I’ve been a big fan of “Westworld” recently and thinking about the idea of how consciousness can emerge. In our movie, the circumstances combine to push beyond what [Arthur] was programmed to do. No one ever imagined he’d have one person to deal with. In adapting to one person, it pushes him into areas that create situations he just wasn’t programmed for. Maybe it creates something new.
I found that interesting, that maybe something’s emerging in him. There’s this idea that consciousness comes out of more and more complex networking of neurons. The more complex the situations become, perhaps at some point it turns into something that looks like consciousness. In a small way, that’s what’s going on with Arthur.
Tell me about the other part of your job here, which is playing a bartender.

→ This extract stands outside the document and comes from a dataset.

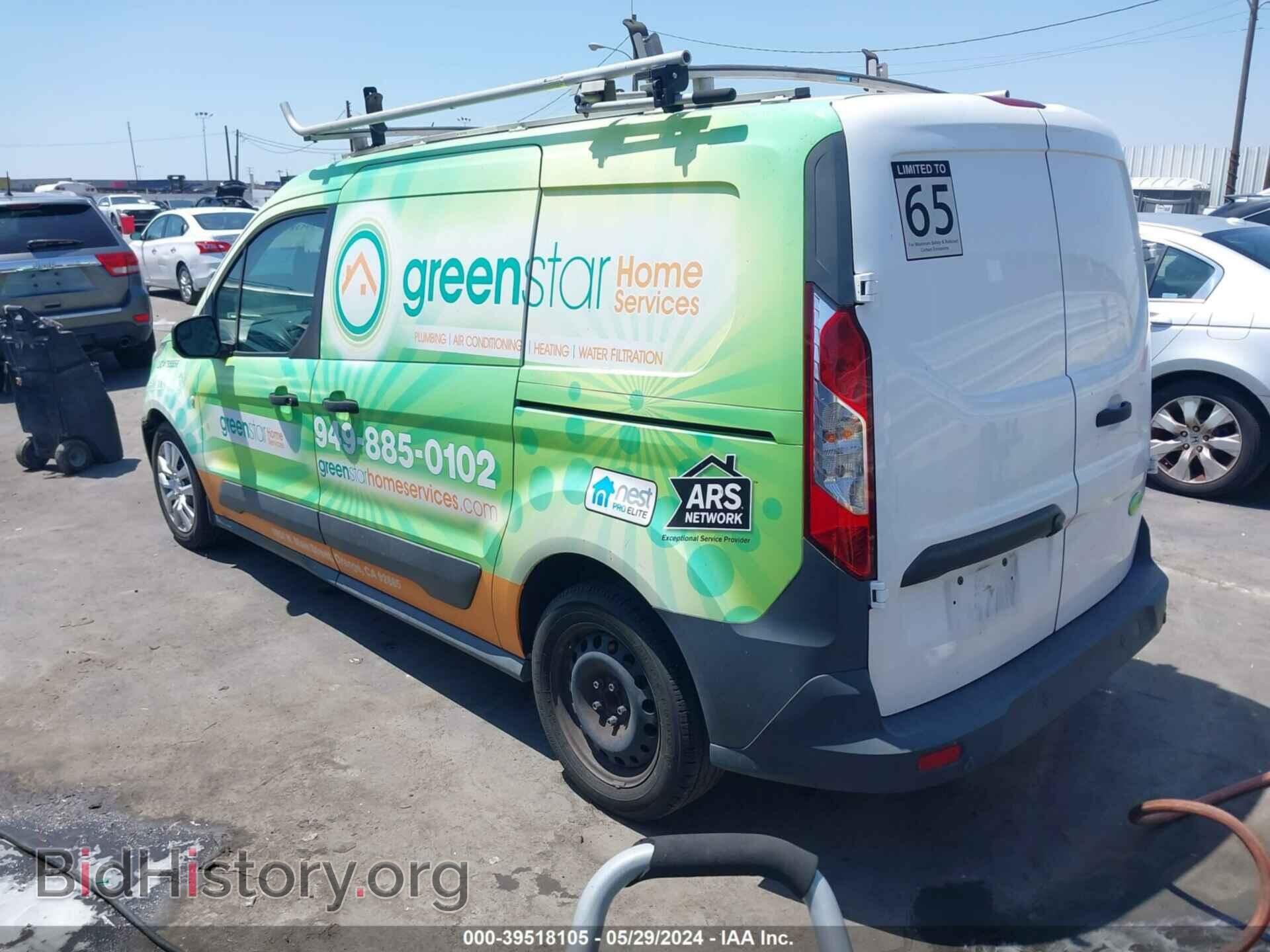 2018 FORD TRANSIT CONNECT - VIN: NM0LS7E71J1367634 - Фото 3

There was one very specific bartender that we’re obviously tipping the hat to, which is Lloyd from “The Shining.” My costume looks like his, that bar is meant to look like his to a certain extent. But mainly my focus [with bartending] was there were scenes where Chris and Jen are doing really intimate, beautifully delicate scenes together, while I’m supposed to be making a cocktail in the background. The last thing you want to do as an actor is to mess up takes that are really not about you, because of what you’re doing in the background. I did not want to knock over a bottle of bourbon in the middle of a take that was not about me.

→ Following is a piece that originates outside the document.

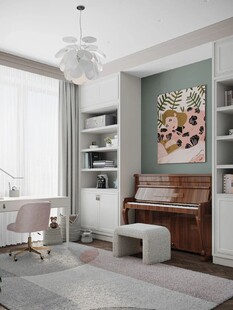 室内设计全屋定制厨房卧室衣柜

So you never learned to make a mean Manhattan?
If I didn’t have to do it in the film, I didn’t learn how to do it. I wanted to be economical and effective in what I did and not mess everything up.
You performed the role while on a mechanical rod that zips you around behind the bar. That sounds painful.

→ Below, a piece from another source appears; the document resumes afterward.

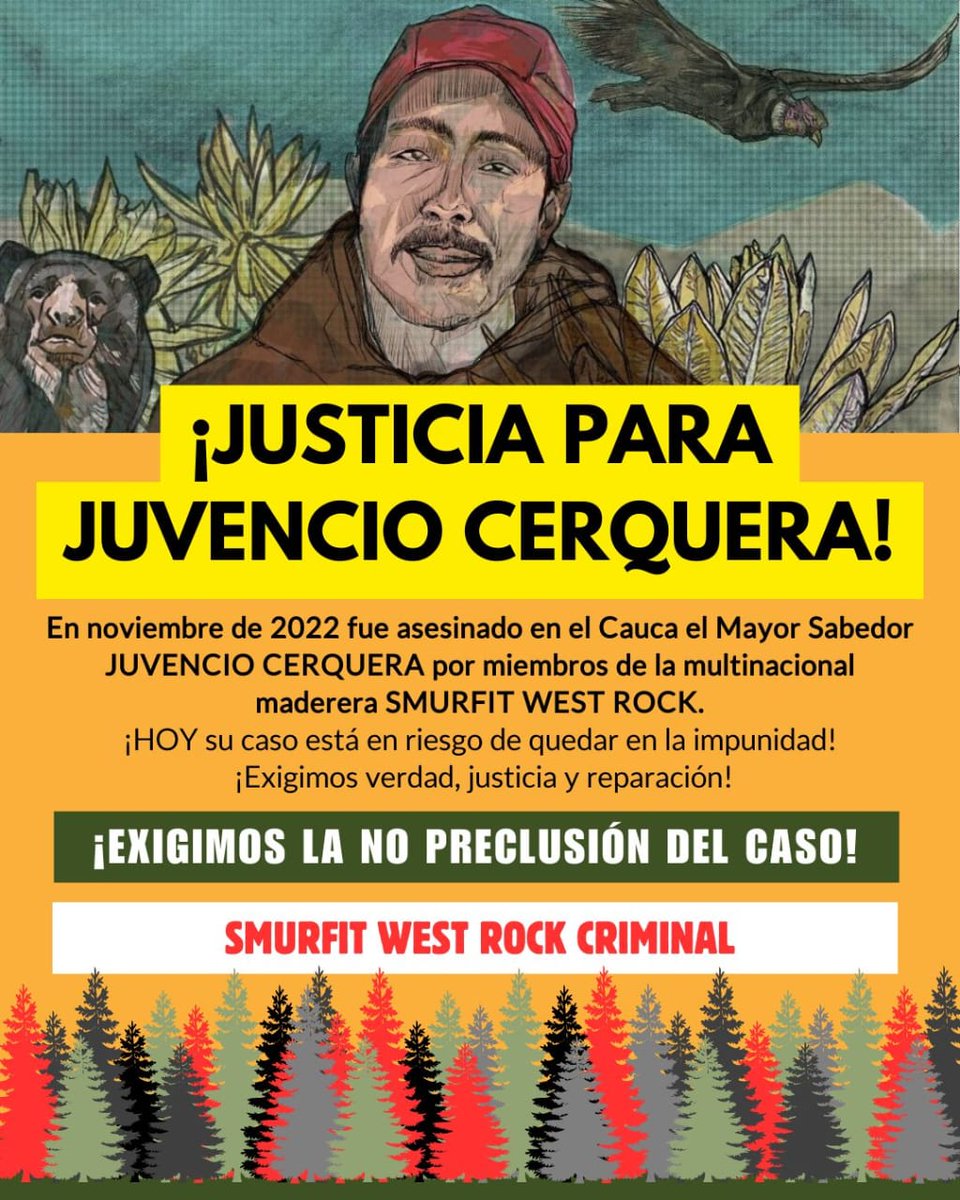 Comité Defensa del Agua y el Territorio Cauca tweet media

It was not the most comfortable thing, but the guys who put it together really did a great job. They tried to make it as non-painful as possible for me. But spending all day, hours and hours, in that contraption was not great. But it was very effective. It really did help me get a sense of being nonhuman.
Correct me if I’m wrong, but you haven’t had many roles where you’re strapped into some weird contraption. You probably didn’t to do that during your 2011 stint as Hamlet in London.
Although! I have to say, when I did Hamlet, one of the big influences on it was Philip K. Dick. So there’s a science fiction connection there.
What was the connection?
The familiar Philip K. Dick character is someone who starts to question whether what is going on around him is real, or whether there’s a form of reality behind that. And one aspect of “Hamlet” is he starts to question his sanity — what is real and what only seems to be real. We played with that a lot.
This isn’t your first non-human character. You played a computer program in “Tron: Legacy,” though there you didn’t get to do it as a robot.
Exactly. I’m so versatile in the programmed characters I play.